Microfinance and Mission Drift

Microfinance and mission drift? This probing question will linger for some time from now, especially when the media has captured our attention with the sensational drama since the IPO of SKS Microfinance right up to recent crackdown of alleged lending malpractice in Andhra Pradesh, India.

No doubt that microfinance field is getting more attractive to private investment and crowded with commercial oriented MFIs, but ongoing research shows contrary evidence that MFIs in the study have only been delivering negligible social impact to the poor. As of now, we only have a vague sense of where commercial MFIs stand in terms of addressing social goals like financial inclusion and poverty alleviation as long as there's no unambiguous clarity over their mission or rigorous evaluation in place.

Like in the words of co-founder from Compartamos, the stated social goal is “to provide access to financial services to as many people as possible in the least amount of time”. Such goal not only can be purely driven by shareholder pressure or profit incentives but also devoid of any objective to achieve social impact or to meet actual credit needs of the poor.

We also hear enough of why it's so hard to measure social impact of microfinance, the list is long but does it mean commercial MFIs can be lax about measuring their effectiveness and social impact in tackling poverty?

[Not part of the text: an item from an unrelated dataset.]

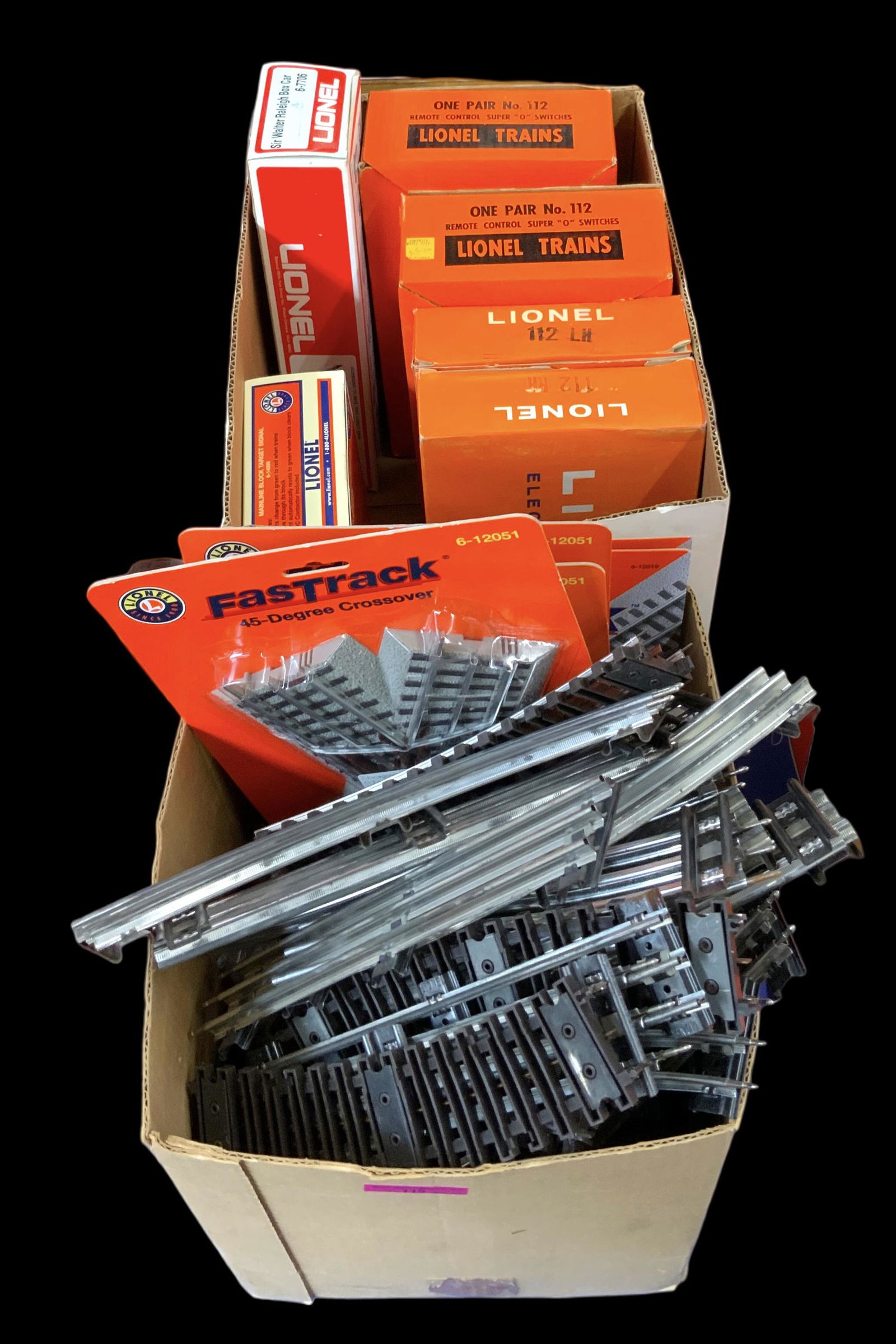 Lot: 12 Lionel Items and Loose Tracks (1 of 1)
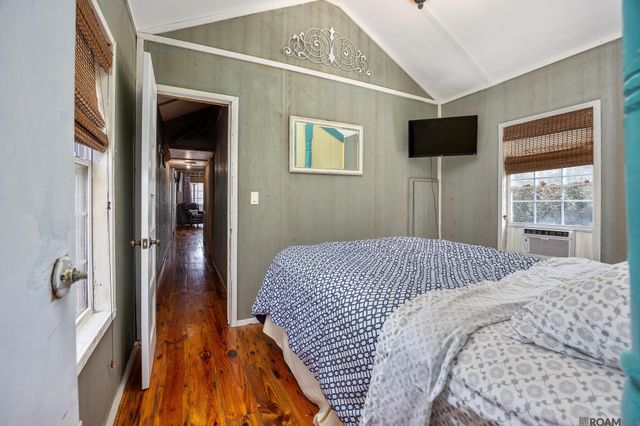 21018 Diversion Canal Rd, Maurepas, LA 70449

It doesn't make sense to wait until consensus appears which is likely to be years away.

There are many convenient excuses to mask the lack of commitment from commercial MFIs to rigorously evaluate their social mission as diligently as they would publish their impressive financial data since the beginning. As long as effort to evaluate social impact lags commercialization, we'll never know for sure if commercial MFIs can really make lasting impact other than being profitable to investors.